#### DATA RECORDS
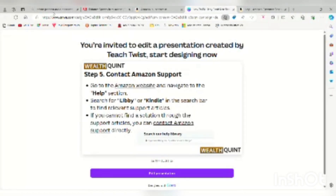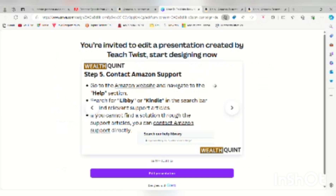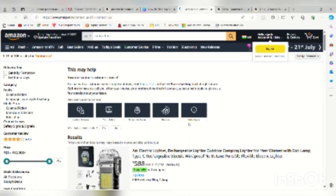To contact Amazon support in Step 5, there are two links. First, click on the Amazon website link in the first line. When you click on the Amazon website, you will be redirected to the Amazon website. Click on the second link, Contact Amazon Support, and you will be directed to the Contact Amazon Support page.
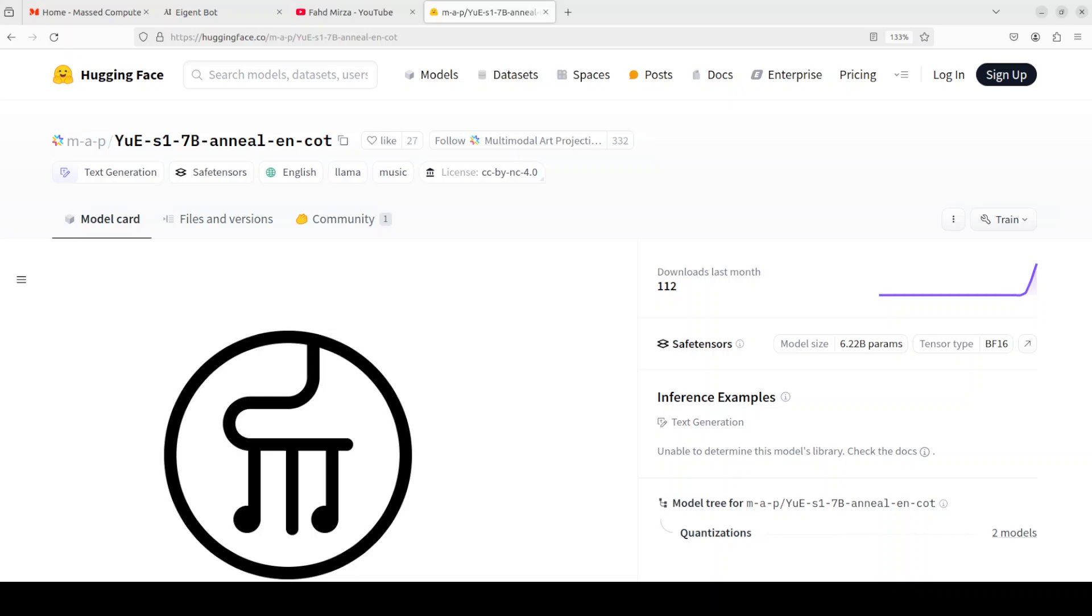Hi everyone, this is Fahad Mirza and I welcome you to the channel. Before I say anything further, let me play something for you from this model card from Hugging Face. Just listen to this.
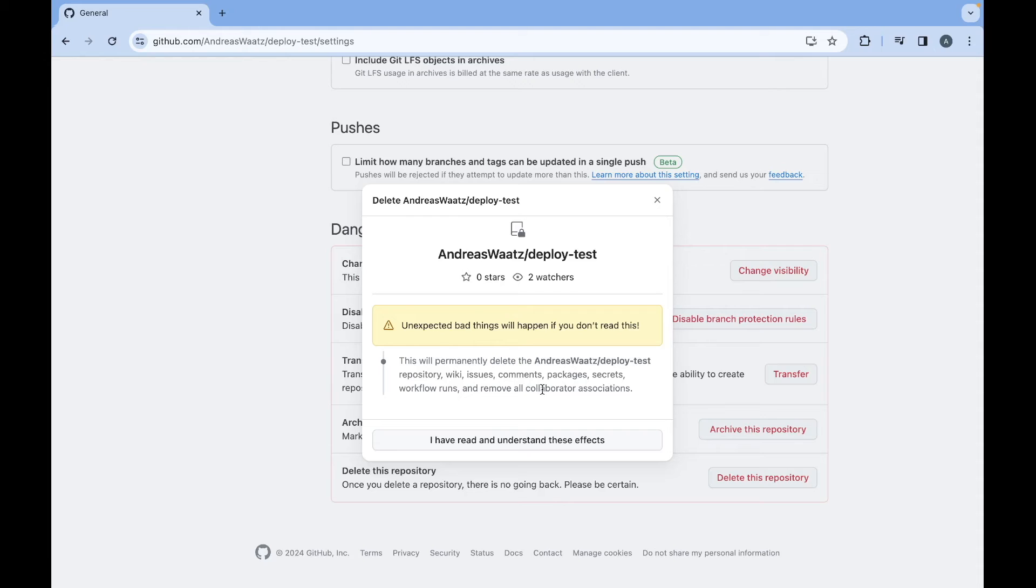If you are really certain you want to delete this one, click on I have read and understand these effects.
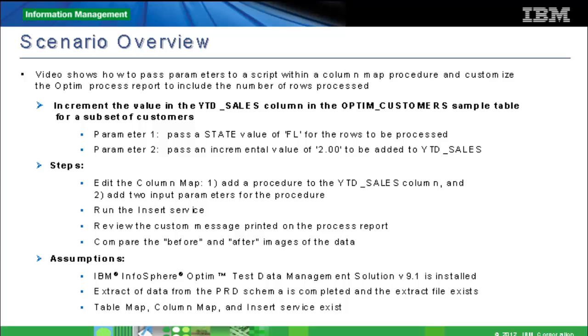This masking technique can be applied to any numeric-based column. For example, you might want to use this masking technique to increase or decrease employee salaries by a stipulated amount based on some factor such as the employee's geographic location.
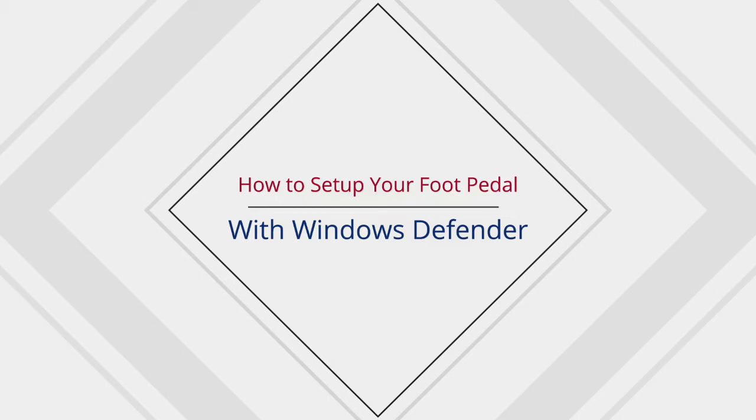Hello. In this video, I will show you how to add the foot pedal software to the excluded files in Microsoft Defender, so you can properly download the files.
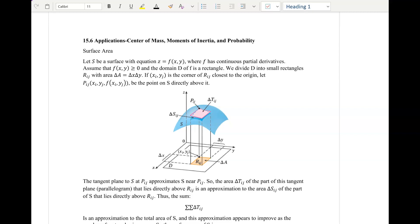Let's talk about applications to double and triple integrals. We are mainly going to be focusing on double integrals, but before we get into the real word problems and actual applications, let's first start talking about a very important topic that's going to lead us into chapter 16. This is going to be surface area.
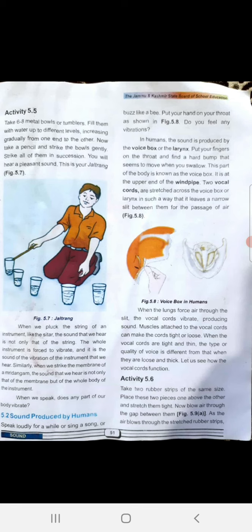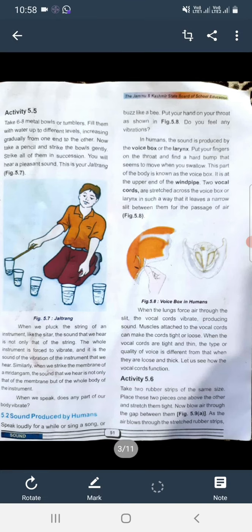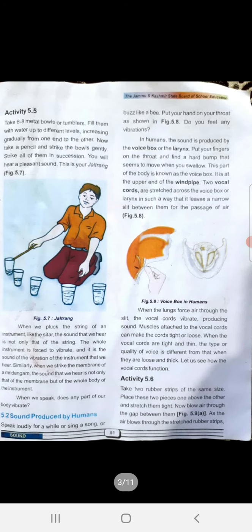Vocal cords کے vibration سے آواز بنتی ہے۔ ان vocal cords کے ساتھ جو muscles جڑے ہوئے ہیں وہ cords کو tight یا loose کرتے ہیں۔ جب vocal cords tight اور پتلے ہوتے ہیں اس وقت جو آواز نکلتی ہے اس کی quality مختلف ہوتی ہے اس وقت سے جب وہ loose اور موٹے ہوتے ہیں۔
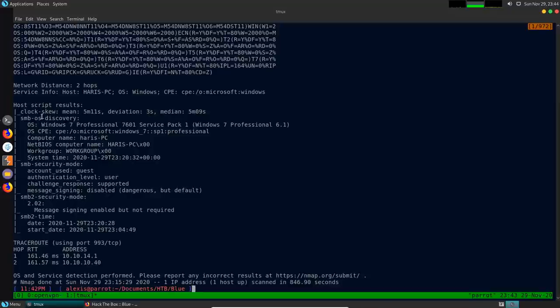Through SMB we're able to enumerate the operating system version, which tells us Windows 7 Professional build 7601. The service pack is listed out as well, and we get the default workgroup. The default script scan that ran is SMB OS discovery, which gives us the SMB version, the computer name, the workgroup, and the NetBIOS computer name. In this case we have SMB version 2.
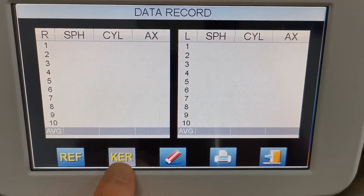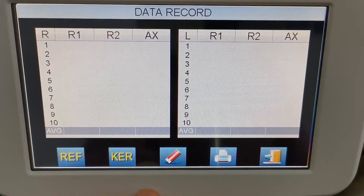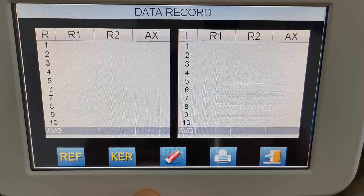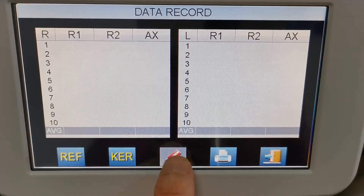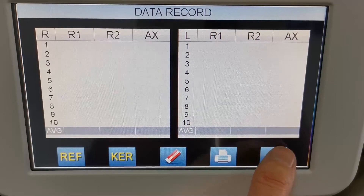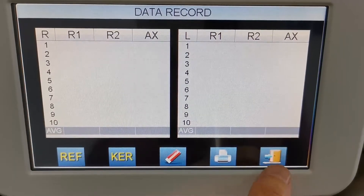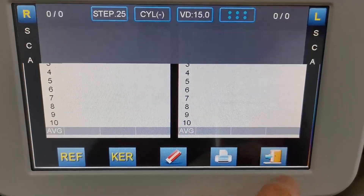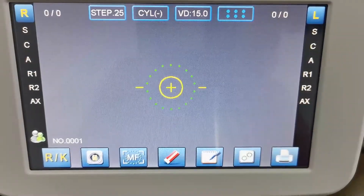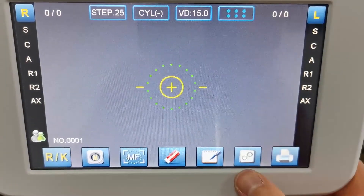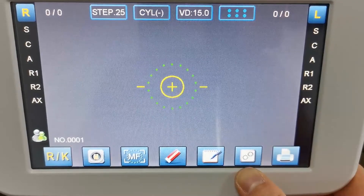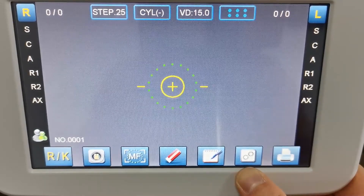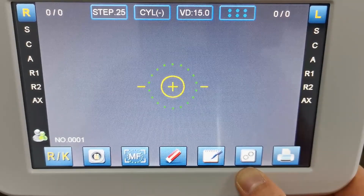And you can check the keratometer mode here as well. Here is the setting menu to set all kinds of parameters.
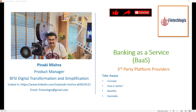Specifically in this video we will talk about the major evolution happening nowadays, where a lot of third-party players who are not banks are coming in between and revolutionizing the concept of open finance in the form of BaaS — Banking as a Service.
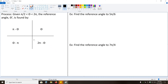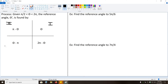We talked about reference angles. When we work with reference angles in radians, we have some very similar formulas to the degree versions. Given theta is between π/2 and 2π — so not in quadrant one — the reference angle theta prime is found as follows: in quadrant one, we already have our reference angle; in quadrant two, we take our angle and subtract it from π; in quadrant three, we take the angle we're given and subtract π from that; and in quadrant four, we take 2π and subtract our angle from that.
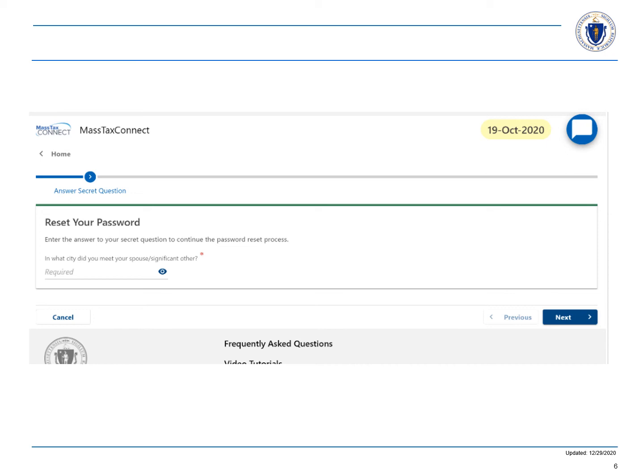Please keep in mind that this link can only be used once. Enter the answer to your secret question and then select next.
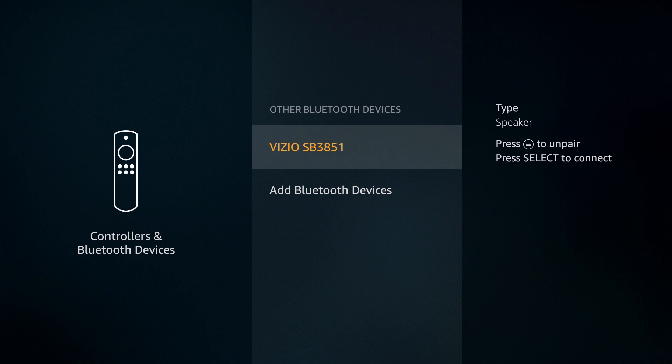To unpair your device, you can click the little three bar icon on your remote control, which I like to refer to as the hamburger button. Thank you for watching our tutorial and happy streaming.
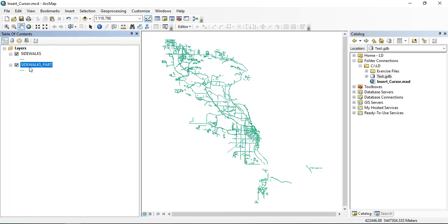I will use these two feature classes. I have one feature class named Sidewalks Parts and the other feature class is Sidewalks. I will transfer the features in the Sidewalks Part to the main feature class named Sidewalks.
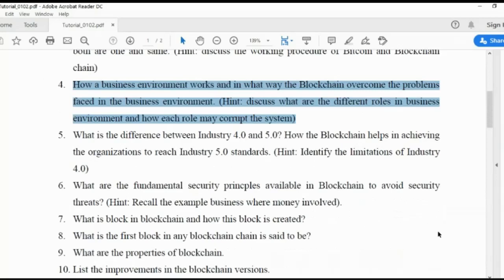Let me see this question: How a business environment works, and in what way the blockchain overcomes the problems faced in the business environment?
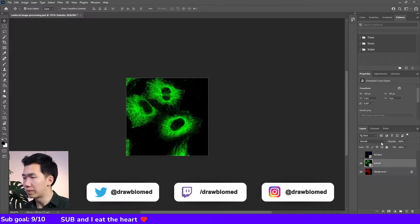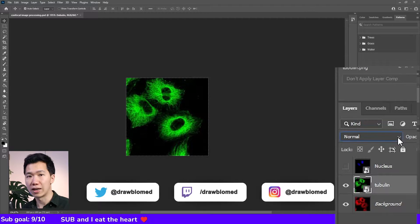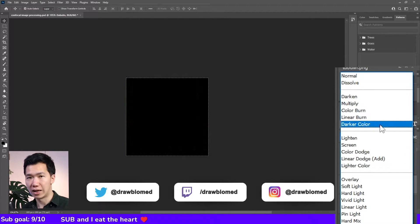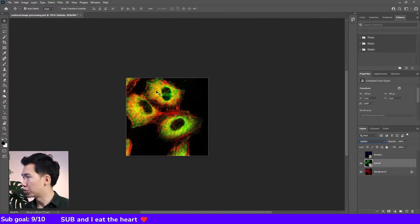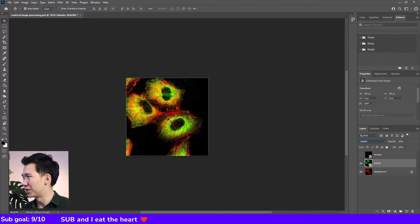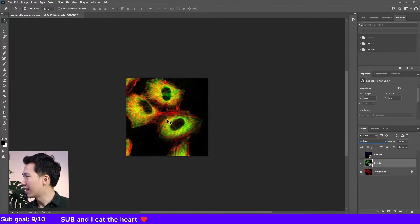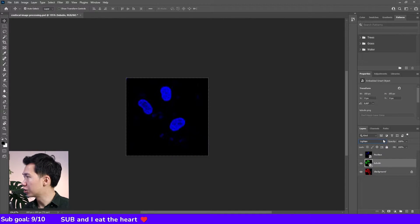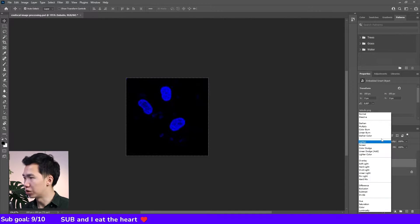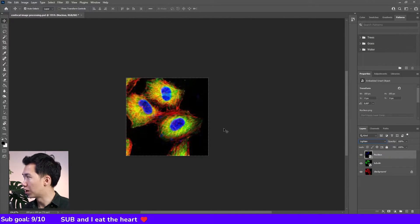Just simply go to this drop-down menu and click on lighten. Then you get to have this overlay image. This is so easy, isn't it? And you'll see the overlapping part has become yellow. Let's do it to the nucleus as well.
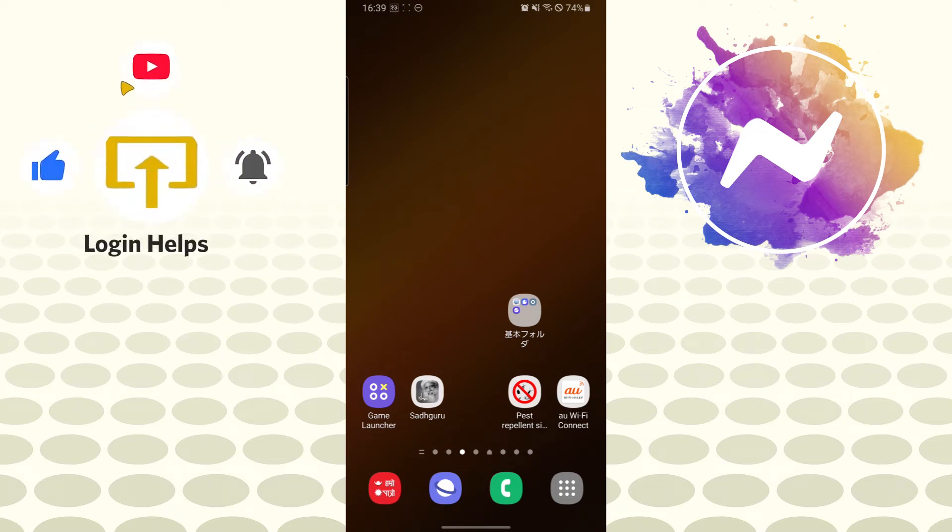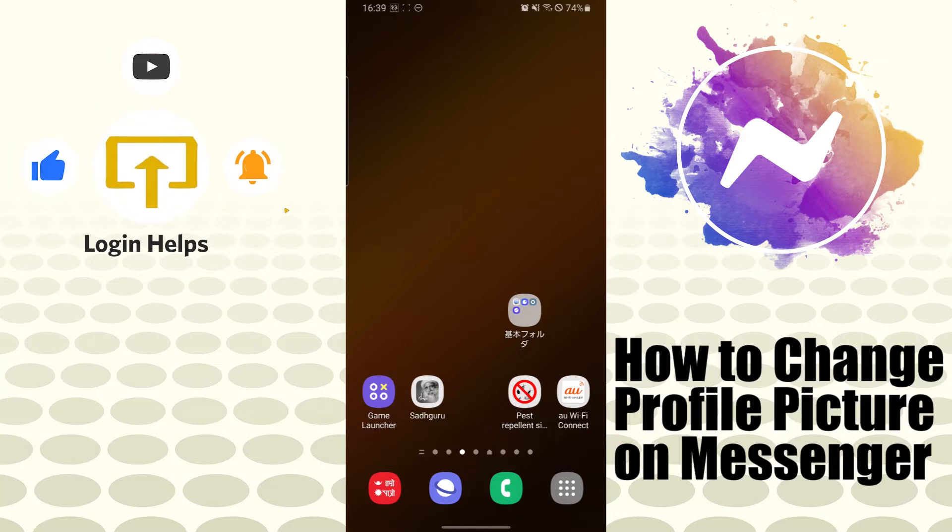Hello there, welcome to our channel Login Helps again. Hope you are doing fine. I'm back with another tutorial video, and today I'll be showing you how to change your profile picture from your Messenger app. Now without further ado, let's dive right into the video.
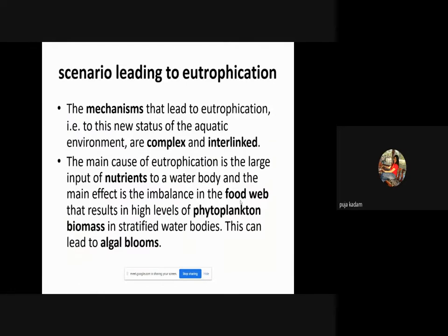The mechanisms that lead to eutrophication are complex. The main cause is a large input of nutrients to a water body, and the main effect is an imbalance in the food web resulting in high levels of phytoplankton biomass. In stratified water bodies this can lead to algal bloom. When one thing — algae — is in excess, it affects other organisms, ultimately disturbing and imbalancing the food web in the aquatic system.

#### TASK ITEM
Begin at the first line of the data above and repeat each line exactly, stopping after the line containing "If you are really". Omit the pictures.

#### EXERCISE ANSWER
To contact Amazon support in Step 5, there are two links. First, click on the Amazon website link in the first line. When you click on the Amazon website, you will be redirected to the Amazon website. Click on the second link, Contact Amazon Support, and you will be directed to the Contact Amazon Support page.
Hi everyone, this is Fahad Mirza and I welcome you to the channel. Before I say anything further, let me play something for you from this model card from Hugging Face. Just listen to this.
If you are really certain you want to delete this one, click on I have read and understand these effects.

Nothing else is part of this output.